Short web captions:
◆ ◆ ◆ ◆

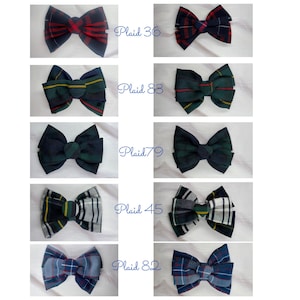 Multi Layers School Uniform Plaid Bow/Round or Heart Shape Button Center/Back to School/School Uniform Accessories/Alligator Clip/Plaid Bow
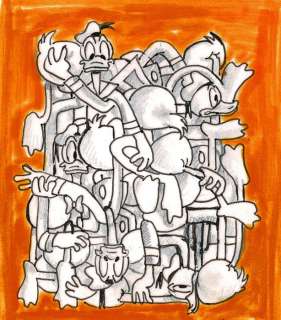 Donald Duck inspired by Fernand Léger  - Original Sketch - Tony Fernandez - Art original | Catawiki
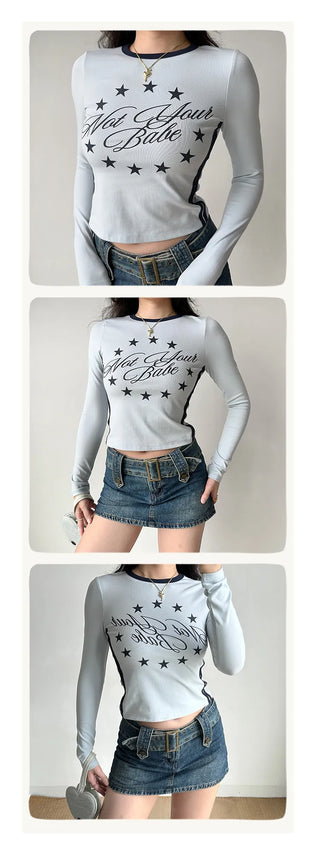 letter print crop-top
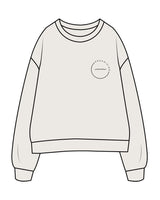 The Mens Crewneck - Bone - Megan Marie Organizing - Left Chest & Center Back Stacked - Printed - Black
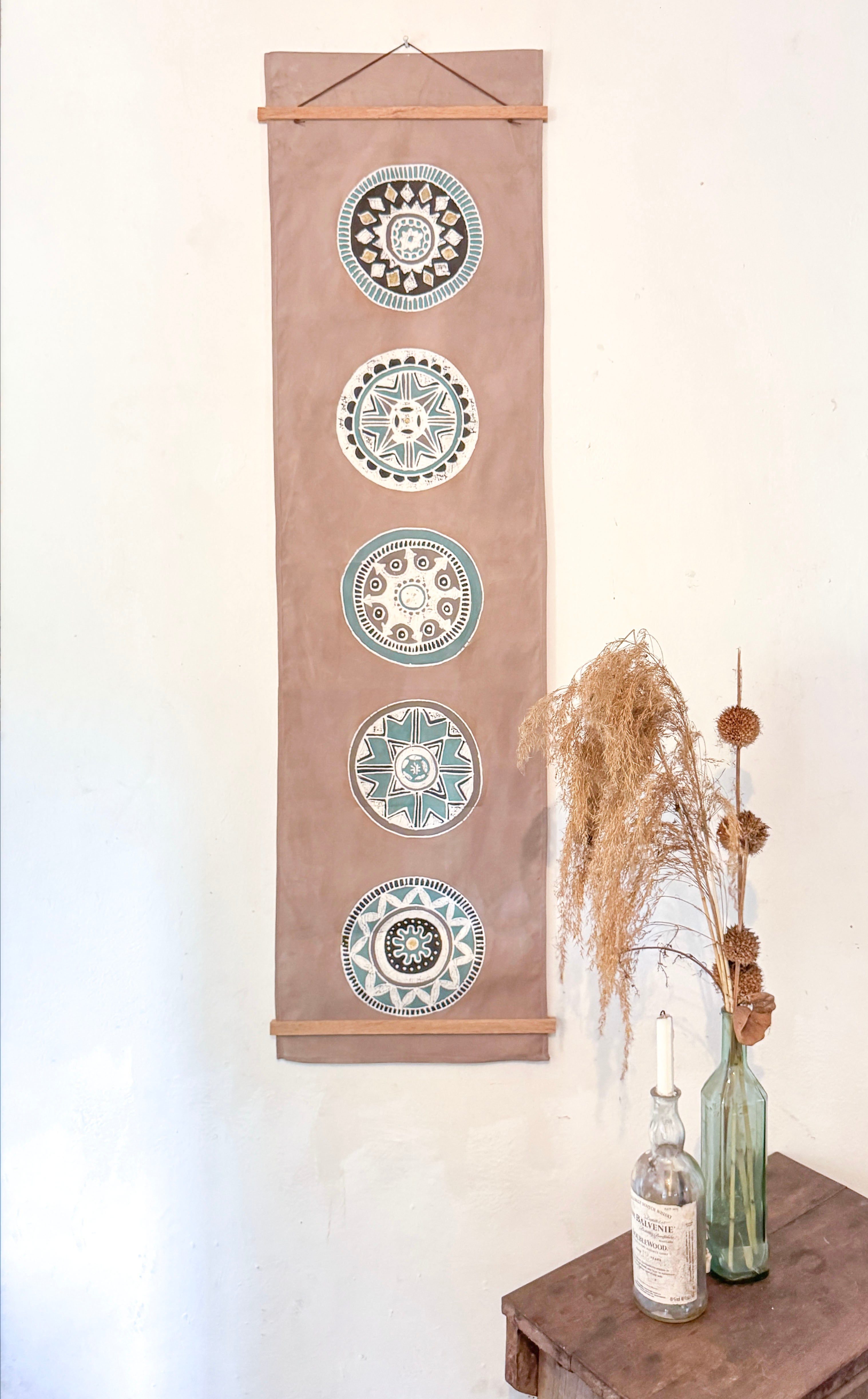 African Circles Teal Collection Wall Hanging Beige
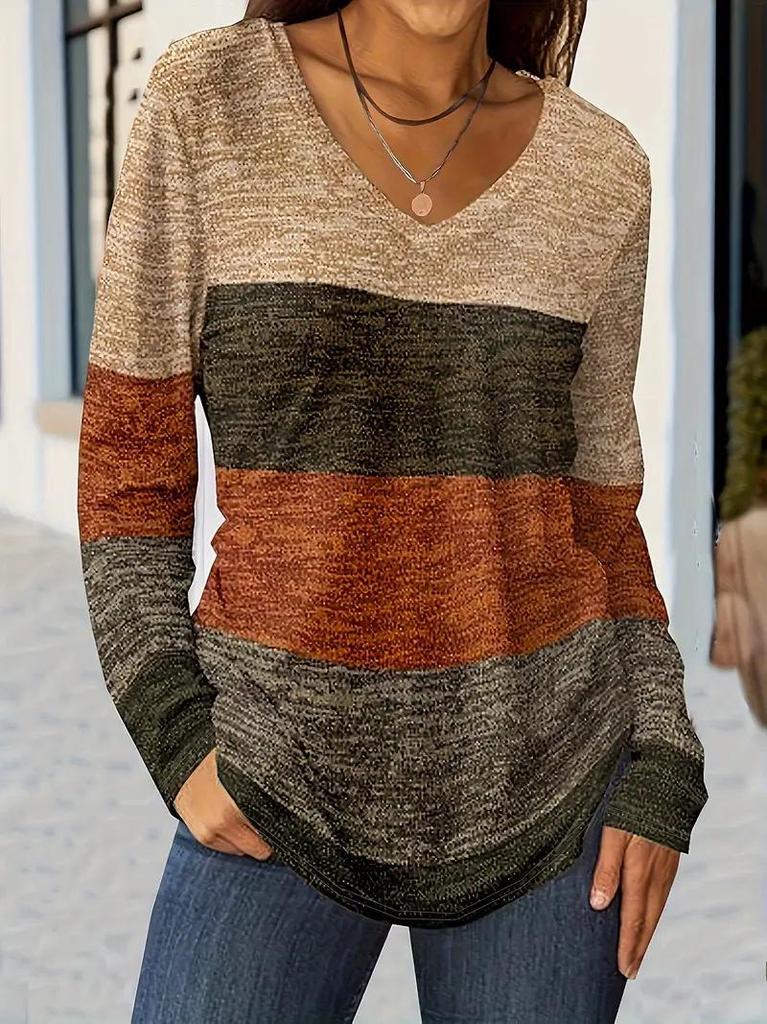 2024 High-Quality Color Block V-Neck Long Sleeve T-Shirt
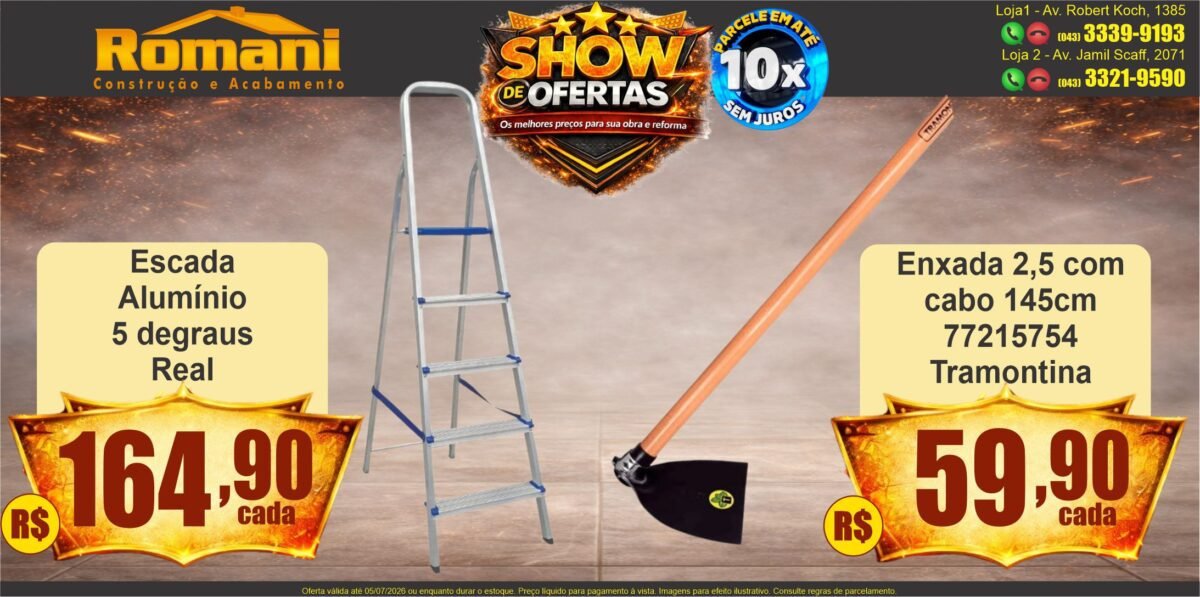 gr_enxada com cabo tramontina + escada aluminio 5 degraus real show de ofertas promocao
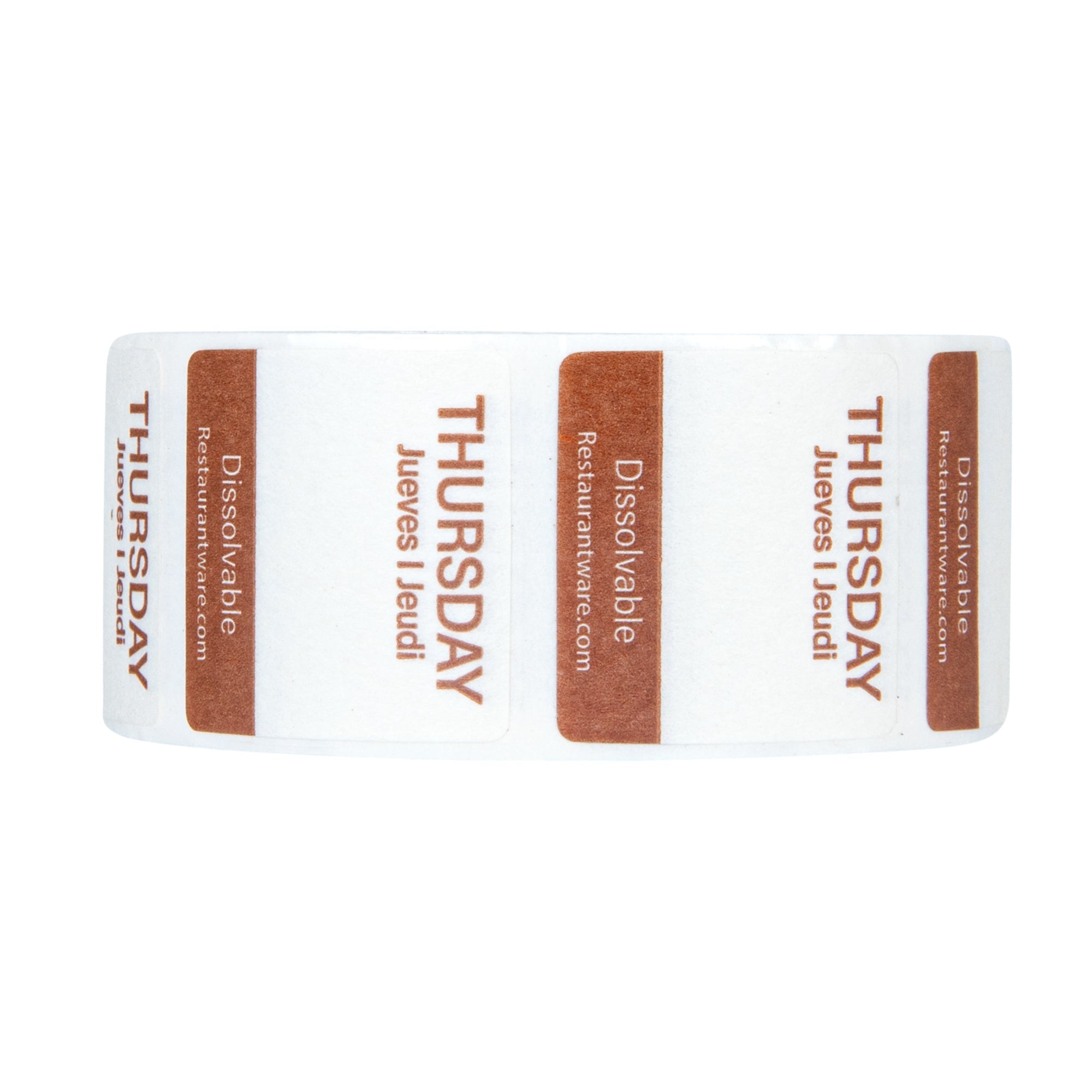 RW Smart 7-Day Weekly Food Rotation Label - Dissolvable, Trilingual - 1" x 1" - 3500 labels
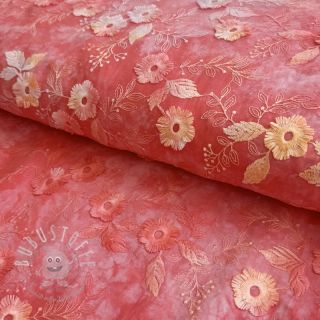 Baumwollstoff TIE DYE EMBROIDERY Poppy design K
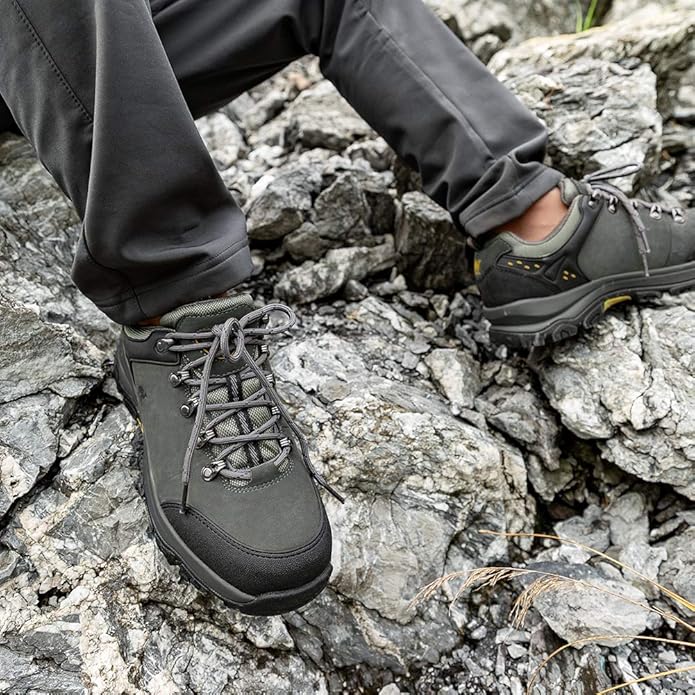 CAMEL CROWN Hiking Shoes Men Trekking Shoe Low Top Outdoor Walking Waterproof Leather Trail Sneakers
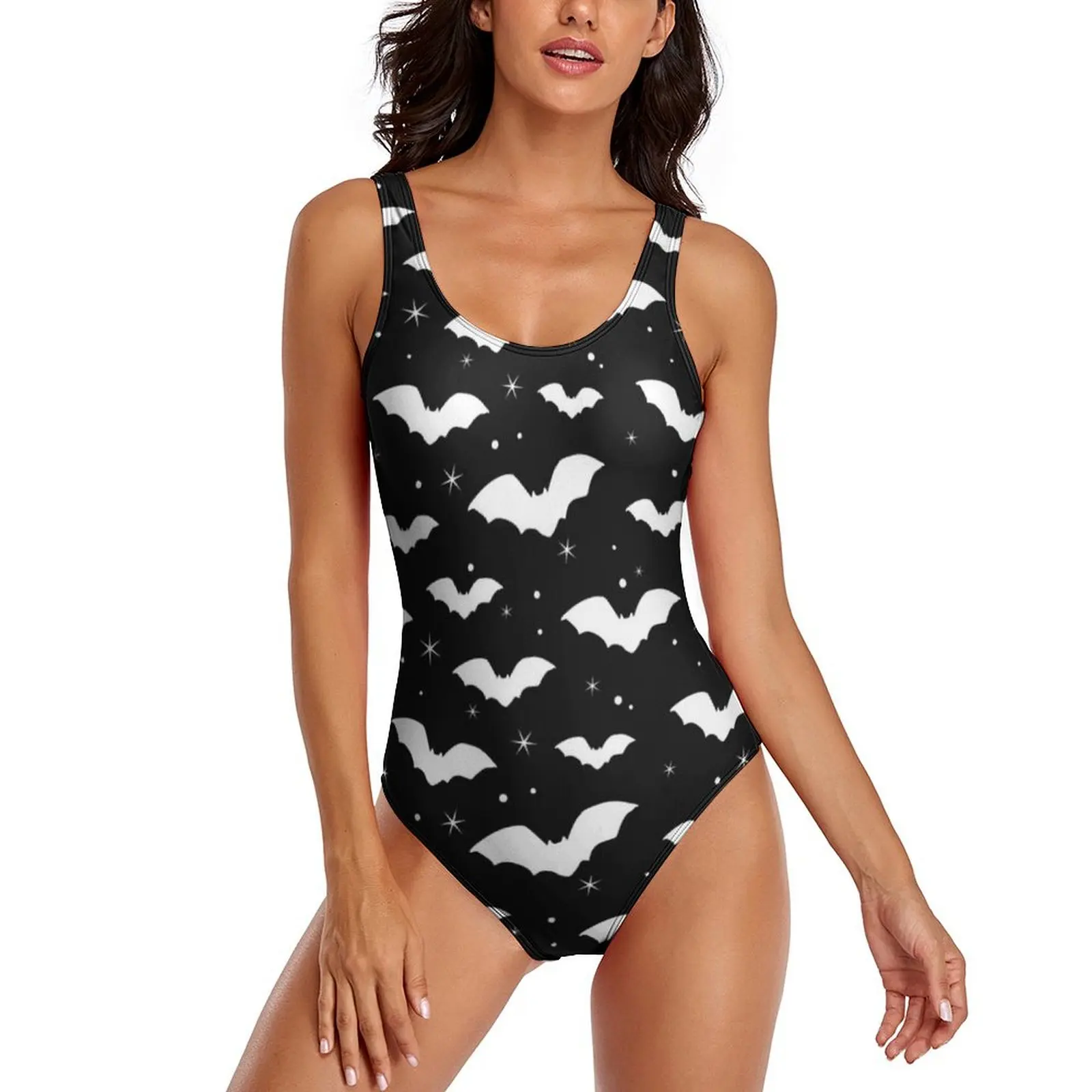 Bats Silhouettes Swimsuit Sexy Night Sky One-Piece Swimwear Push Up Bodysuit Fashion Holiday Surf Beach Outfits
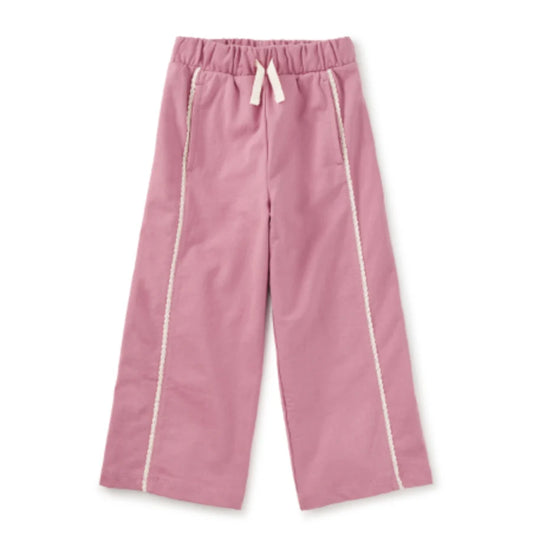 Tea Collection Lace Trim Track Pants Hydrangea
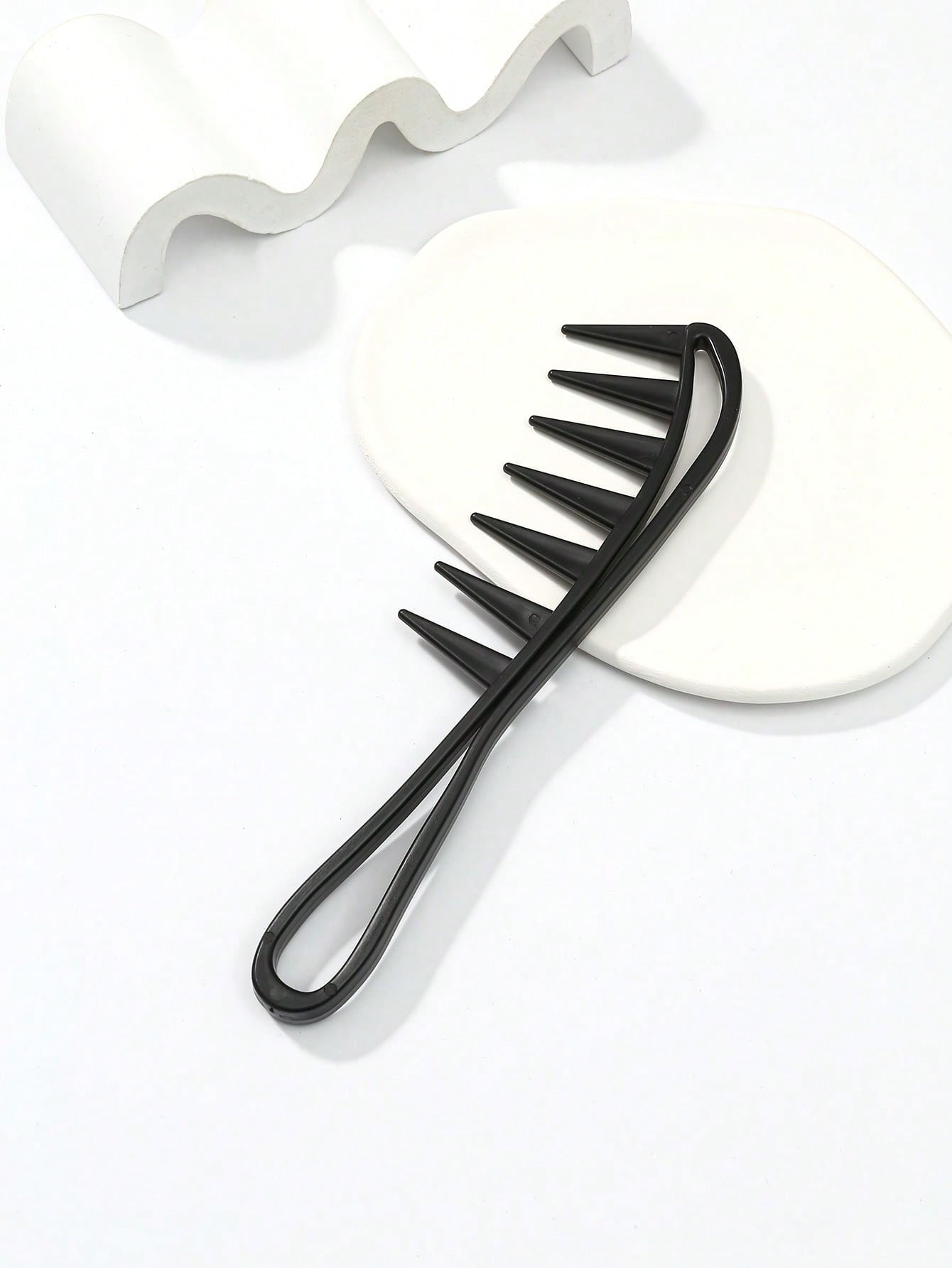 Large Textured Comb, Wide-Tooth Curling Comb, 1pc Shark Tooth Hair Styling Tool, Suitable For Curly, Wet, Wavy, Thick Hair, Wigs, Essential For Salons, Unisex Hair Brush/Comb, Hair Brush, Comb, Hair S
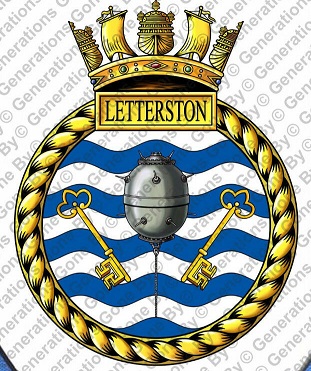 Coat of arms (crest) of the HMS Letterston, Royal Navy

◆ ◆ ◆ ◆

■ **WORK INSTRUCTION**
Please print the lines above word for word, starting at the one with "2024 High-Quality Color" and ending at the one with "Tea Collection Lace", both included, and without any picture.

■ **EXPECTED OUTPUT**
 2024 High-Quality Color Block V-Neck Long Sleeve T-Shirt
 gr_enxada com cabo tramontina + escada aluminio 5 degraus real show de ofertas promocao
 RW Smart 7-Day Weekly Food Rotation Label - Dissolvable, Trilingual - 1" x 1" - 3500 labels
 Baumwollstoff TIE DYE EMBROIDERY Poppy design K
 CAMEL CROWN Hiking Shoes Men Trekking Shoe Low Top Outdoor Walking Waterproof Leather Trail Sneakers
 Bats Silhouettes Swimsuit Sexy Night Sky One-Piece Swimwear Push Up Bodysuit Fashion Holiday Surf Beach Outfits
 Tea Collection Lace Trim Track Pants Hydrangea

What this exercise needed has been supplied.